Her sea duty began in her first year in the Atlantic. She steamed for the Pacific in July 1938, and she was at Pearl Harbor when the Japanese attacked the US Pacific Fleet on December 7, 1941. In the early months of the war, the Bagley performed escort duties and went with the American carrier task forces when they attacked Japanese bases in the southern Pacific in February and March 1942.
She was part of the Guadalcanal invasion fleet and fought the Japanese in the Battle of Savo Island. During the next 1.5 years, the destroyer escorted convoys and patrolled for Japanese submarines. In mid-1943, she was participated in the capture Woodlark Island and continued serving in the western area of New Britain during late 1943 and early 1944.
The Bagley steamed for the American west coast for an overhaul and then was with the fleet in the central and western Pacific.

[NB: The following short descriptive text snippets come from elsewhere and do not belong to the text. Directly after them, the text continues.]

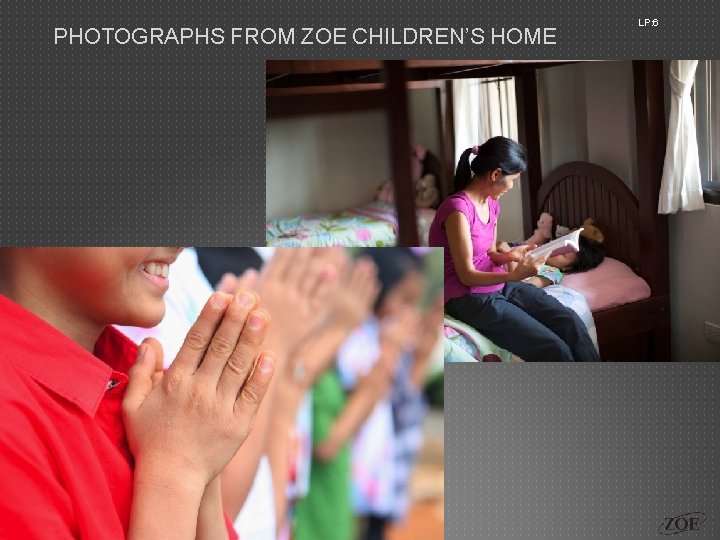 PHOTOGRAPHS FROM ZOE CHILDREN’S HOME LP: 6 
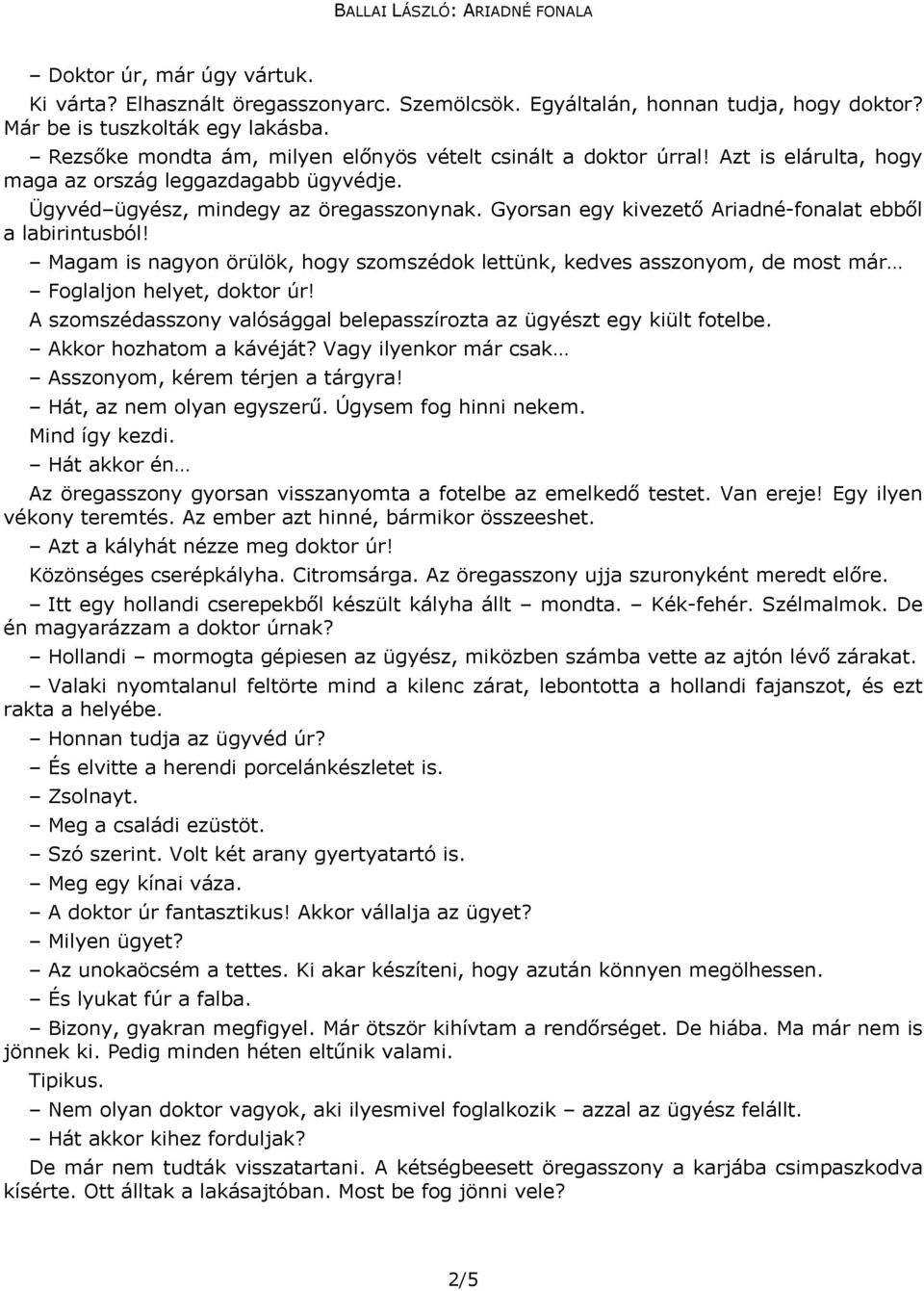 Gyorsan egy kivezető Ariadné-fonalat ebből a labirintusból! Magam is nagyon örülök, hogy szomszédok lettünk, kedves asszonyom, de most már Foglaljon helyet, doktor úr!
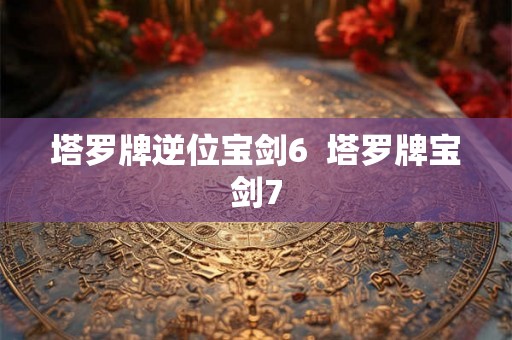 塔罗牌逆位宝剑6  塔罗牌宝剑7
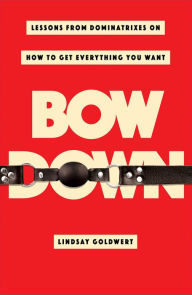 Text books pdf free download Bow Down: Lessons from Dominatrixes on How to Get Everything You Want in English 9781982130466 iBook CHM PDF
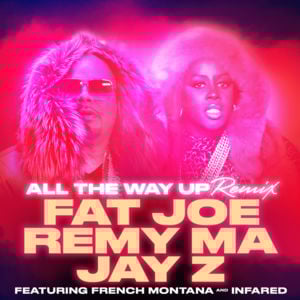 All the Way Up (Remix) - Fat Joe, Remy Ma & JAY-Z (Ft. French Montana & Infared)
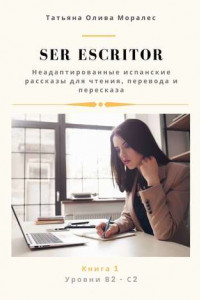 Книга Ser escritor. Неадаптированные испанские рассказы для чтения, перевода и пересказа. Уровни В2—С2. Книга 1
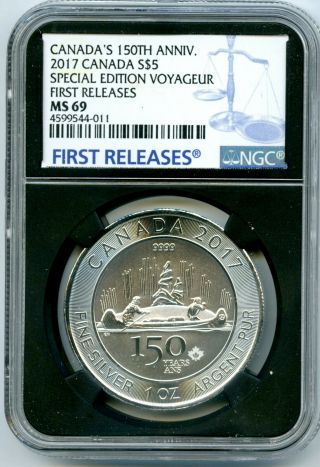 2017 $5 Canada 1 Oz Silver 150th Special Edition Voyageur Ngc Ms69 First Release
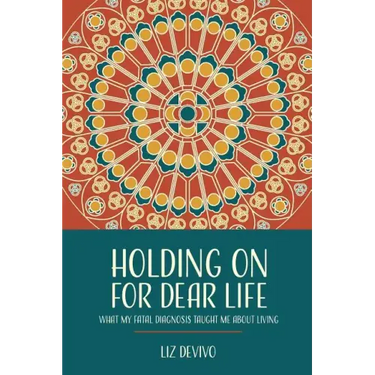 Holding On For Dear Life: What My Fatal Diagnosis Taught Me About Living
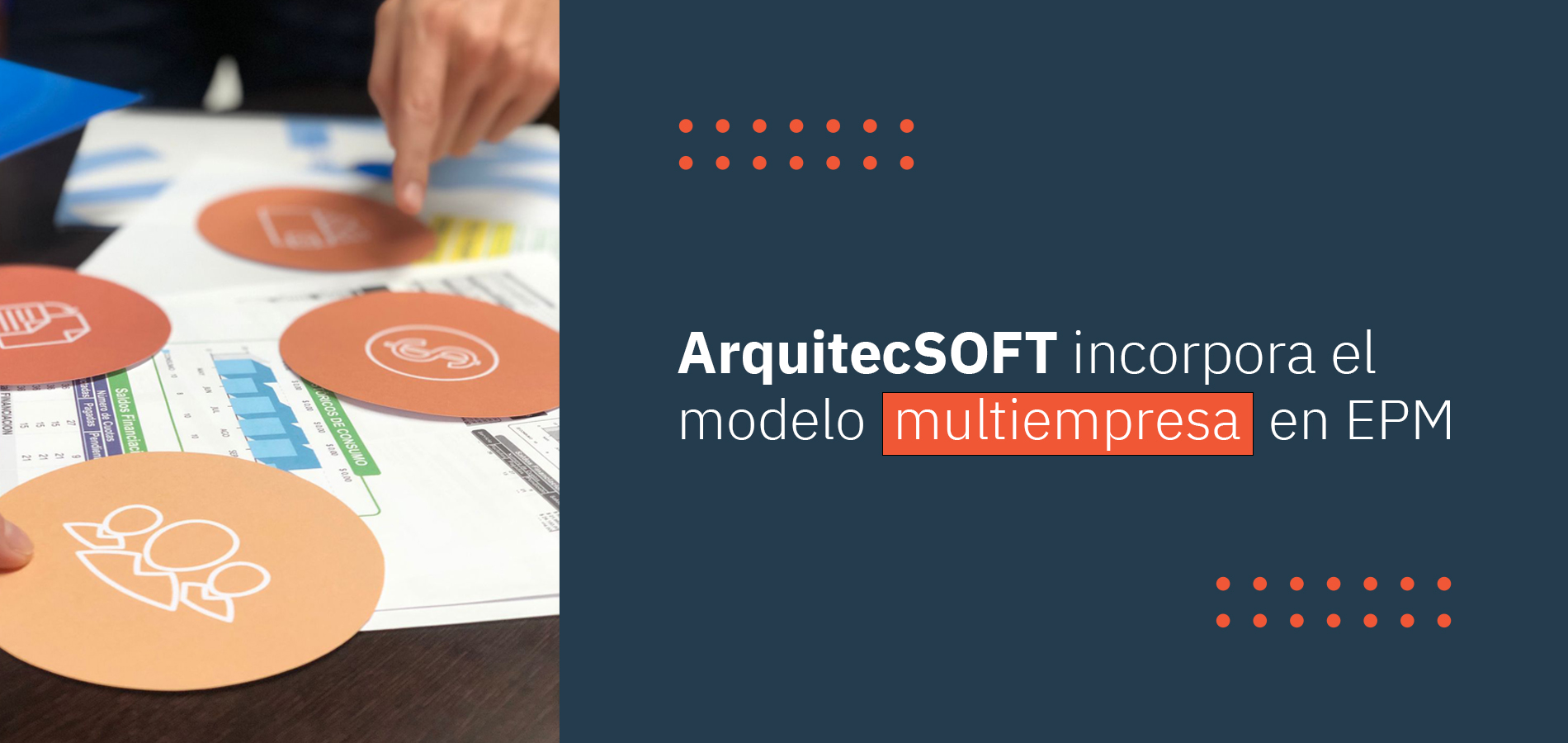 ArquitecSOFT incorpora el modelo multiempresa en EPM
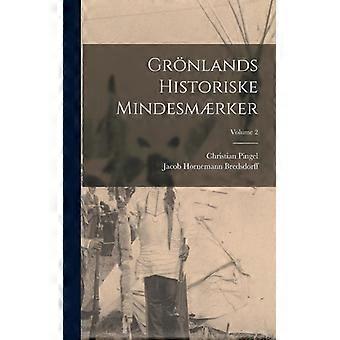 Grnlands Historiske Mindesmrker Volume 2 - Jacob Hornemann Bredsdorff - Hardcover - English Book - History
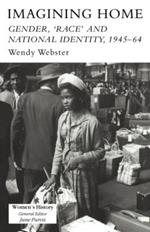 Imagining Home: Gender, Race And National Identity, 1945-1964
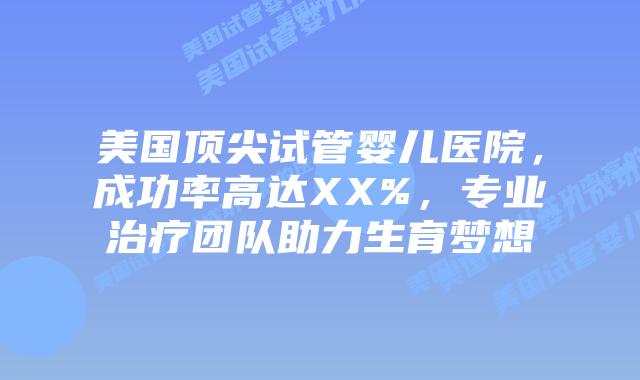 美国顶尖试管婴儿医院，成功率高达XX%，专业治疗团队助力生育梦想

She participated in the Marianas invasion in June-July 1944 and the Battle of the Philippine Sea. Later in 1944 and early 1945, she was at the invasion of the Palaus in September, the Battle of Leyte Gulf in October, and the Lingayen Gulf invasion in January 1945. In February-May 1945, she was at the invasions of Iwo Jima and Okinawa. The destroyer accepted the Japanese surrender at Marcus Island in August 1945. When the war ended, she went to Japan as part of the American occupation of that country.
The Bagley returned to the United States in November 1945. The Navy decommissioned her in June 1946 and sold the destroyer for scrap in October 1947.